To those who meet me on the street I may not seem like an introvert. But I am. Being introverted does not necessarily mean you live in a hovel warded off from the world, it means that you recharge by being alone. When I was young I never really thought about being extroverted or introverted, I was shy but enjoyed my friends and my teammates. I was active and social but over a majority of my life I lived alone or occasionally with one roommate who was in and out of the apartment, so I always had time to myself. It was not until I got married, got dogs, had kids and then had my husband start working out of the home that my need for alone time increased and the anxious feeling in my gut started following me around.
I first discovered I was an introvert when my son was in preschool. The preschool instructor gave us information to help determine if our child was introverted or extroverted so that we could better understand their needs. I don’t remember what I thought my son was at the time, but I looked at the list about introverts and thought, that is me. The number one thing that spoke to me was that I recharge by being alone. I enjoy being with people but after being around them a lot, I need a break.
To extroverts (like my husband) this makes no sense because for them it is the opposite, they get energised by people.
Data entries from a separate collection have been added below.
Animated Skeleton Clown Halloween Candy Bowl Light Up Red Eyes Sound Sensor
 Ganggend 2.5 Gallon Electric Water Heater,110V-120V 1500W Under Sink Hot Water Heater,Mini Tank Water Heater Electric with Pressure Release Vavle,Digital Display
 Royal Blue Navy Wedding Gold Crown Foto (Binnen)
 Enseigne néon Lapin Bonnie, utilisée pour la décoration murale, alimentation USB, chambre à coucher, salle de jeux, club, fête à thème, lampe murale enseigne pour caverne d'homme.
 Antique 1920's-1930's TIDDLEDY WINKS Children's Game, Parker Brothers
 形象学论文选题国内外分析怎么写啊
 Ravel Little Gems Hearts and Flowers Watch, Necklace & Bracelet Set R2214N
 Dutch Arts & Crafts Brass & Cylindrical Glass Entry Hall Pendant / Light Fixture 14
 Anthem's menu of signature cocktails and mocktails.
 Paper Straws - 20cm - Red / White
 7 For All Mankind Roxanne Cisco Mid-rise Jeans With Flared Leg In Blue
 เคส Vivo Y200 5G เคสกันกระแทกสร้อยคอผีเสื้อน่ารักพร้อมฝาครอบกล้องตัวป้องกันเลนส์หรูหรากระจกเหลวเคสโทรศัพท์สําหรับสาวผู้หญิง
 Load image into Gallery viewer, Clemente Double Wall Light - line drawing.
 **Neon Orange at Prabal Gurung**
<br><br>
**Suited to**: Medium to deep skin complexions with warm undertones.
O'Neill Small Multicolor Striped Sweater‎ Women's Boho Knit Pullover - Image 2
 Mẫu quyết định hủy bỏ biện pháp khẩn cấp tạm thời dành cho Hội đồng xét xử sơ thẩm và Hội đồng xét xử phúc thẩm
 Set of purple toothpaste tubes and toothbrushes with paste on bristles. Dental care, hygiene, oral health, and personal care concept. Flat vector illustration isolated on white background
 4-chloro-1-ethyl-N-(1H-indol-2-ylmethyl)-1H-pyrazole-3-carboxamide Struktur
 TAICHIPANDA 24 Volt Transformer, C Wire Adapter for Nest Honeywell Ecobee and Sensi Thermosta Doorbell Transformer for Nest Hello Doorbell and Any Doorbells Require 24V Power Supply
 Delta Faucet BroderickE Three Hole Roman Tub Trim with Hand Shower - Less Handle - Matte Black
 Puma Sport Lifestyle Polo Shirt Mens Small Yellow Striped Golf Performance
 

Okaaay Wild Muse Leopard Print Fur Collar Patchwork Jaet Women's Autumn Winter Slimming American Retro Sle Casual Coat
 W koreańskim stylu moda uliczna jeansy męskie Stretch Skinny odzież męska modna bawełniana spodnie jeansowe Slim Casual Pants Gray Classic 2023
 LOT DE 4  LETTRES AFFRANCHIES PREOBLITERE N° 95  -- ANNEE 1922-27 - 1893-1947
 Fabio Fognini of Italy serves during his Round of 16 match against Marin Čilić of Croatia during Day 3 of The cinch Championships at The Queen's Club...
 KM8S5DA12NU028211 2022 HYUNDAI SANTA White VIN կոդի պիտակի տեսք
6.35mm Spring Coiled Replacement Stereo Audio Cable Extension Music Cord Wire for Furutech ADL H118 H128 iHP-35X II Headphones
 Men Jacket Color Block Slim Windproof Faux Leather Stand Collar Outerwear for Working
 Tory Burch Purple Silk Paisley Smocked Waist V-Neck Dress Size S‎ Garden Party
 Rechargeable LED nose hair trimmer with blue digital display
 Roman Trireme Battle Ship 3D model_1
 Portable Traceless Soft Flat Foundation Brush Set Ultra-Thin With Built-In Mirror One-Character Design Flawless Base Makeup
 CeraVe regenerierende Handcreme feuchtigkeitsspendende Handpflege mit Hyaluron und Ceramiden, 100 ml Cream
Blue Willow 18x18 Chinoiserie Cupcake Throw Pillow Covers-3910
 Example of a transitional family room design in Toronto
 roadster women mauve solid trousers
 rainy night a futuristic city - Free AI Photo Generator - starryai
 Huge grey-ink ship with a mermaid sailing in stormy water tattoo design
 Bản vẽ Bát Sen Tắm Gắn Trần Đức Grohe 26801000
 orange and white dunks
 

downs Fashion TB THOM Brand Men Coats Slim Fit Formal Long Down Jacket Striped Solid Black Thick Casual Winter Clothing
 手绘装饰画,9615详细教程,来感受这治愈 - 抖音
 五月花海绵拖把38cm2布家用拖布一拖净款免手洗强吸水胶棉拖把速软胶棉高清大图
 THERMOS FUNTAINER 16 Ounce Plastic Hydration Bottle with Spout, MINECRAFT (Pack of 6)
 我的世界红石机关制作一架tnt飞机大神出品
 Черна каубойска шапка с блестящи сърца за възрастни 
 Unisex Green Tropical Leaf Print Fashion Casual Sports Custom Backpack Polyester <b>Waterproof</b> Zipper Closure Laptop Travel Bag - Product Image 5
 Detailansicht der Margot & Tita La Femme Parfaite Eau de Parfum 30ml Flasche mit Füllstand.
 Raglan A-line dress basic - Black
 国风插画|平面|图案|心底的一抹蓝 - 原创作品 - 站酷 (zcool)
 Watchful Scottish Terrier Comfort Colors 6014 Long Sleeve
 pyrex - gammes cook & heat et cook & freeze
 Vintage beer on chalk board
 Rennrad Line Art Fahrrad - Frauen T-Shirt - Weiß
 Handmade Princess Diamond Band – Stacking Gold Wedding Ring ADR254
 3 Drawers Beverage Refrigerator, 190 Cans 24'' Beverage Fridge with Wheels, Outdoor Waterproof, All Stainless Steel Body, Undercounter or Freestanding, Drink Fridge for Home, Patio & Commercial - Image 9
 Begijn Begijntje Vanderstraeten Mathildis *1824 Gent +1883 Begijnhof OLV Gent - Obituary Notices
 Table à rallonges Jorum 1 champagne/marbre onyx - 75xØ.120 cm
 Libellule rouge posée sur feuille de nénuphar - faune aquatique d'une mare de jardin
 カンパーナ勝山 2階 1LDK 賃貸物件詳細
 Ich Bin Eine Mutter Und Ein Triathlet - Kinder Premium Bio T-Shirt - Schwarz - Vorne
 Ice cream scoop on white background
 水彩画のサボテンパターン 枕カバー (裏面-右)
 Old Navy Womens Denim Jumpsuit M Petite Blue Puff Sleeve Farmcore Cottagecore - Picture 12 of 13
Of course it’s not always one or the other, people lie on a spectrum between the two, introvert and extrovert, but knowing your tendencies can be beneficial.
My best friend Leslie, who I met in middle school and knows me better than I know myself, is the one who suggested that I read Quiet, she said, “It’s kind of preaching to the chair, but you’ll like it.” She was right. It was a reminder to me that I crave alone time and to be happy in a busy extroverted world, I need to find time for myself.
I’ve struggled to do this over the last few years, with a busy family schedule and a house that is never empty, so I’m always searching for ways to be alone. But most of the time means doing something as simple as taking a walk, driving my car with the radio off, or sitting alone at a track meet or basketball game. For me creating some quiet helps me to be happy. And being happy gives me the energy to write and do the things I love.
What do you need to do in order to write, to live your life in the way that you want to live it, to be happy?
WRITING PROMPT: Chose one of the following words and write about it… Quiet. Introvert. Extrovert.